--- Dataset excerpts Enclosed Below ---
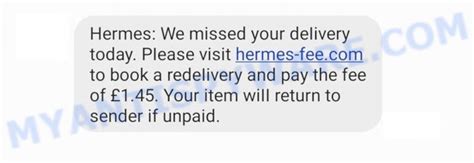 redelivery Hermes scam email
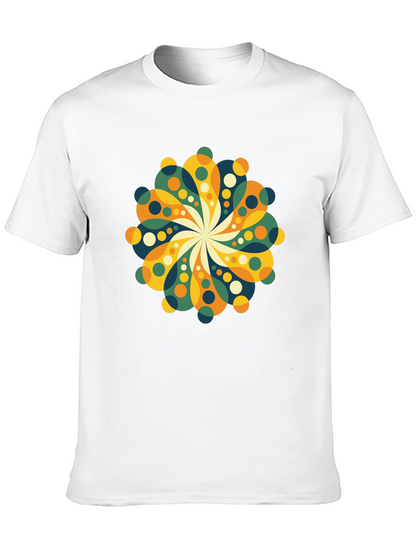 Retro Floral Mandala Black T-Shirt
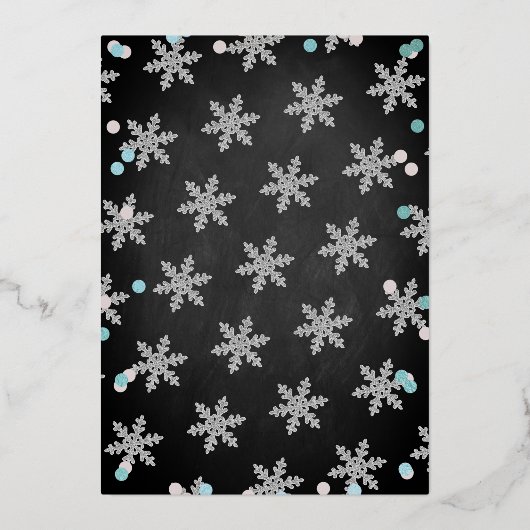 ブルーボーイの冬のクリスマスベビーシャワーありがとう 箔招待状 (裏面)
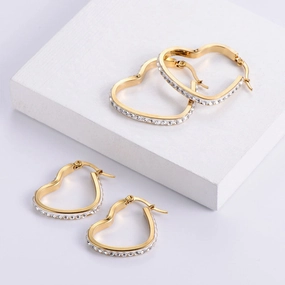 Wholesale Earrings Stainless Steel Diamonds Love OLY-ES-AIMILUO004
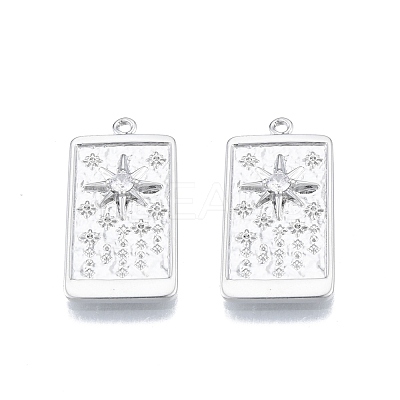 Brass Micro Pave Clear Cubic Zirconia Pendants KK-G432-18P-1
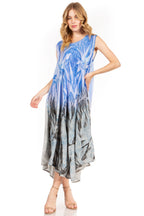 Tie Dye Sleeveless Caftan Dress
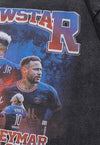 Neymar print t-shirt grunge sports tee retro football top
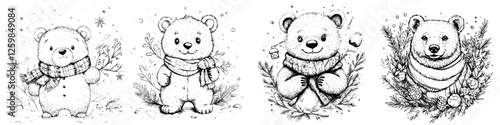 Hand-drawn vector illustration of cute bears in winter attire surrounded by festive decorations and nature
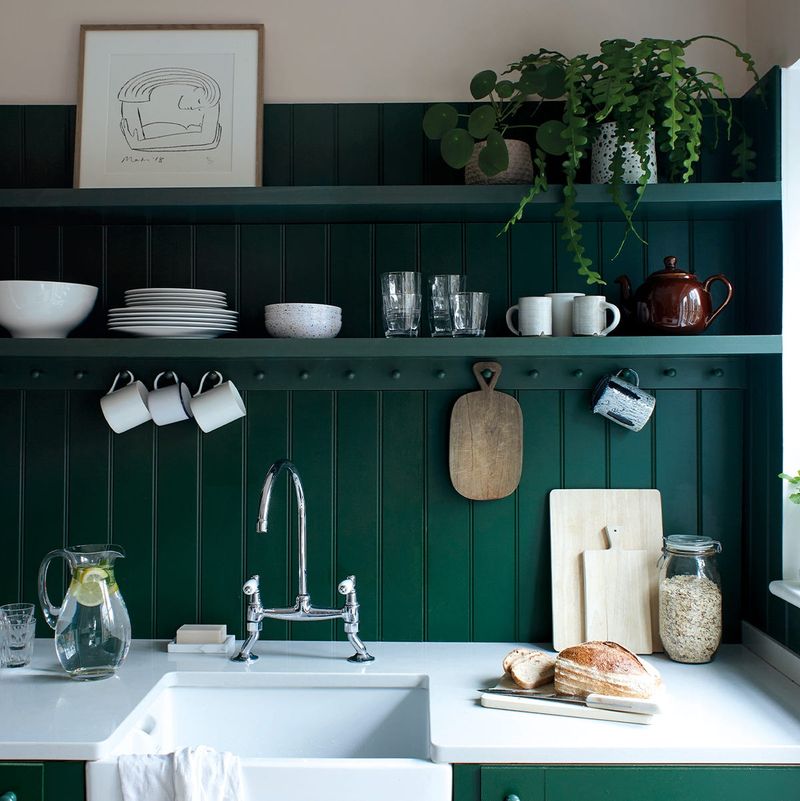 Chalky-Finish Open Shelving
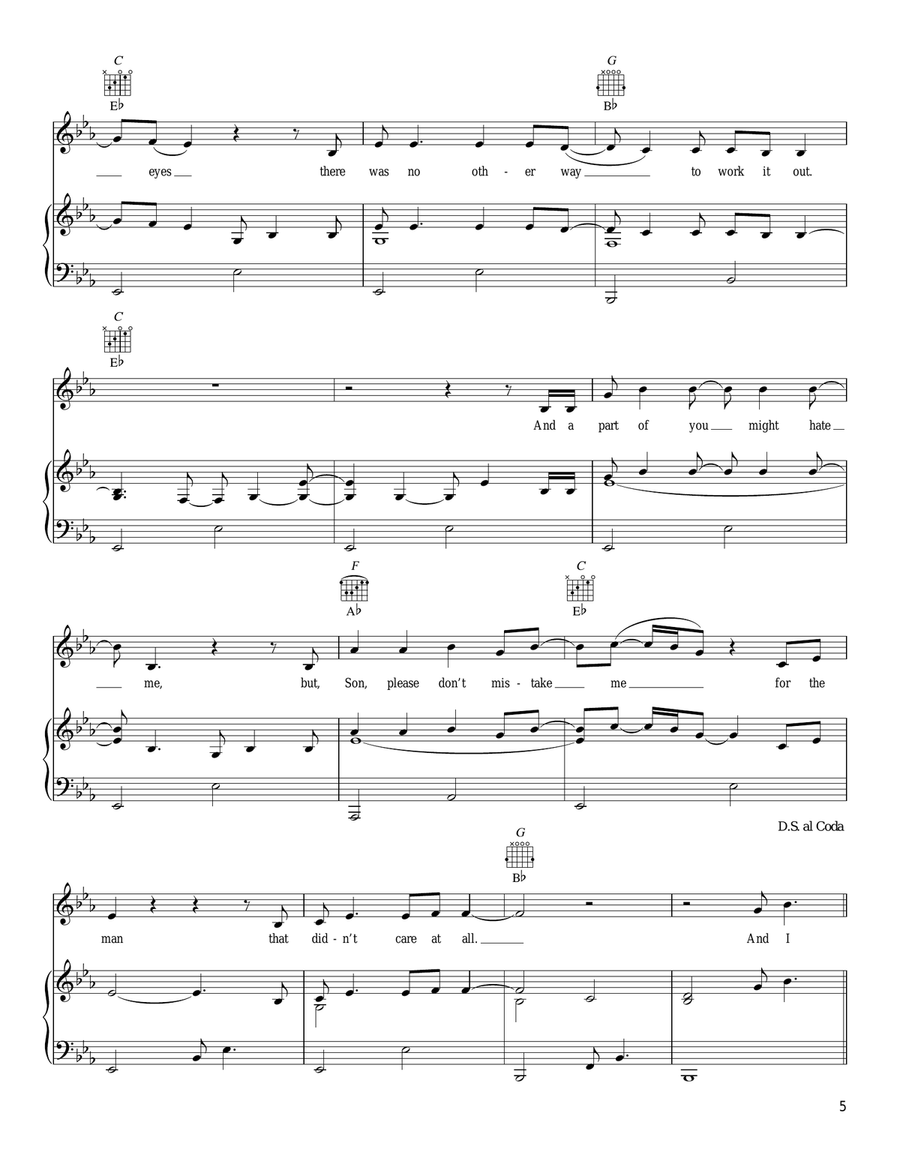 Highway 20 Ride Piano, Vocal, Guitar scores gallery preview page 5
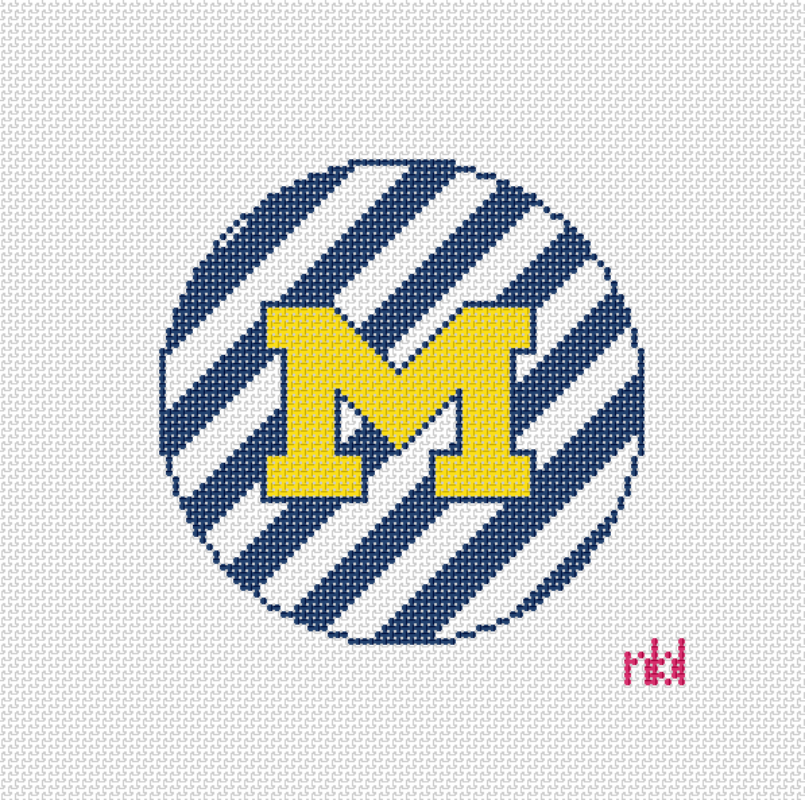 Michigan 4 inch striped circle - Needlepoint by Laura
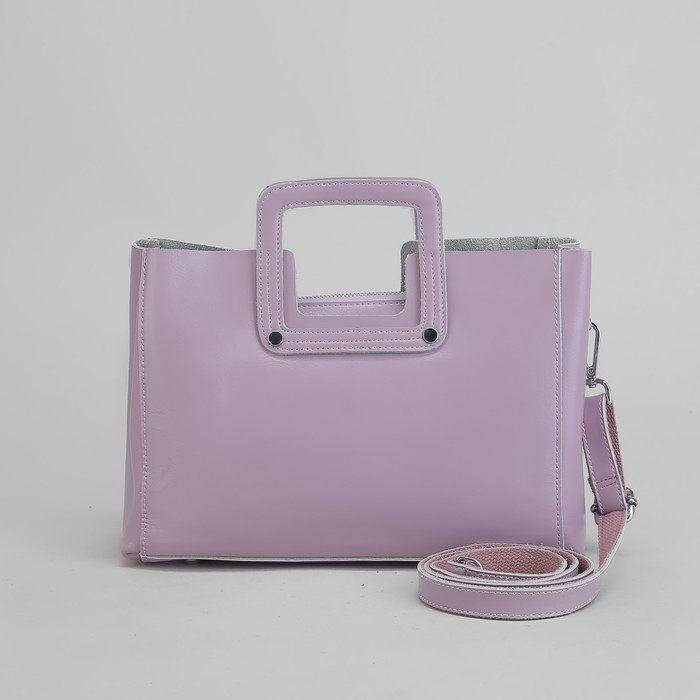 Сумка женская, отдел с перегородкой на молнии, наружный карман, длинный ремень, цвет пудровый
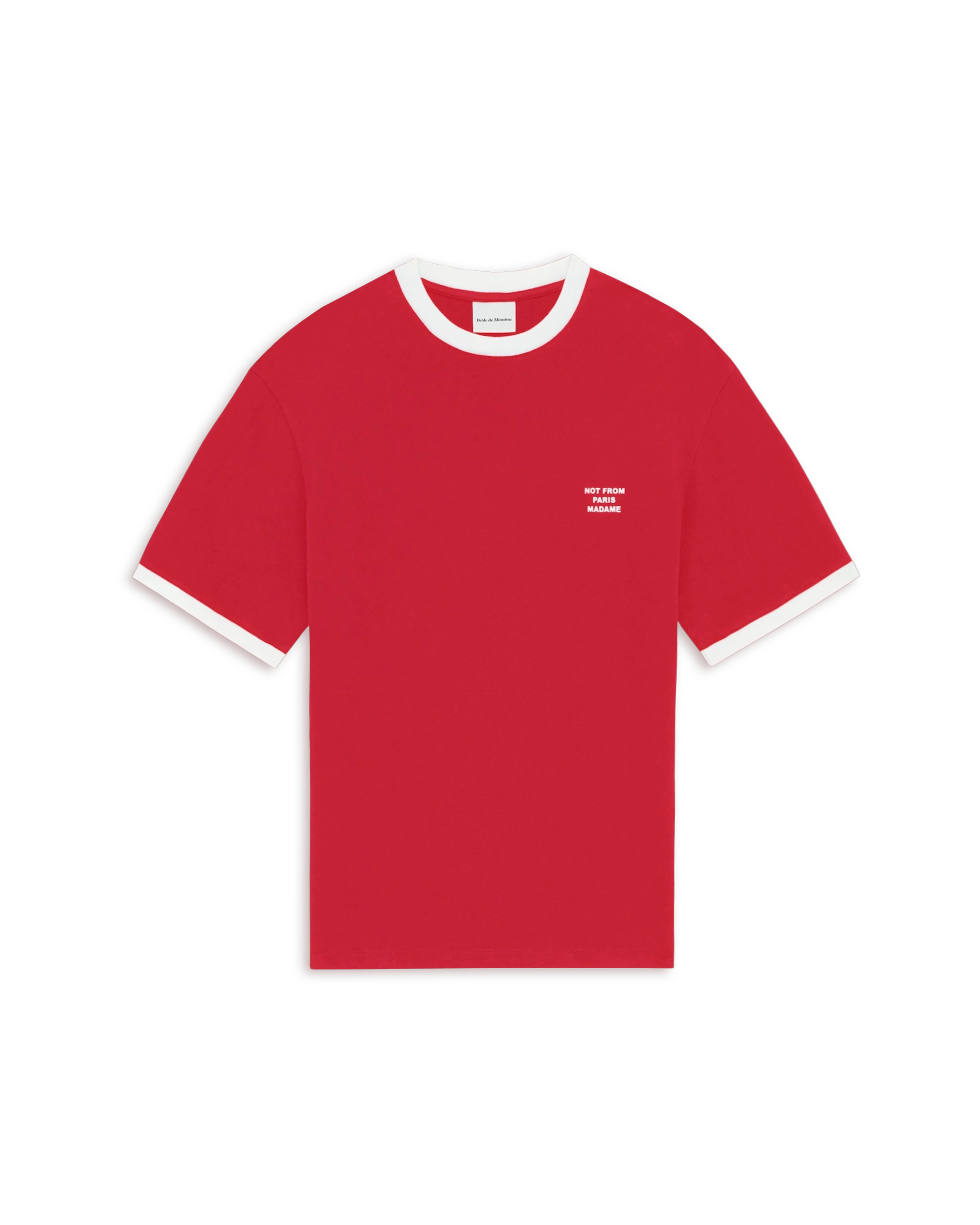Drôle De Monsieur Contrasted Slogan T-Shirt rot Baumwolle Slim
--- End of Enclosed Dataset excerpts ---
## Exercise goal
Leaving every picture out, return the lines from the one containing "Retro Floral Mandala Black T-Shirt" through the last line of the records exactly.

## Reply to the exercise
 Retro Floral Mandala Black T-Shirt
 ブルーボーイの冬のクリスマスベビーシャワーありがとう 箔招待状 (裏面)
 Wholesale Earrings Stainless Steel Diamonds Love OLY-ES-AIMILUO004
 Brass Micro Pave Clear Cubic Zirconia Pendants KK-G432-18P-1
 Tie Dye Sleeveless Caftan Dress
 Neymar print t-shirt grunge sports tee retro football top
 Hand-drawn vector illustration of cute bears in winter attire surrounded by festive decorations and nature
 Chalky-Finish Open Shelving
 Highway 20 Ride Piano, Vocal, Guitar scores gallery preview page 5
 Michigan 4 inch striped circle - Needlepoint by Laura
 Сумка женская, отдел с перегородкой на молнии, наружный карман, длинный ремень, цвет пудровый
Drôle De Monsieur Contrasted Slogan T-Shirt rot Baumwolle Slim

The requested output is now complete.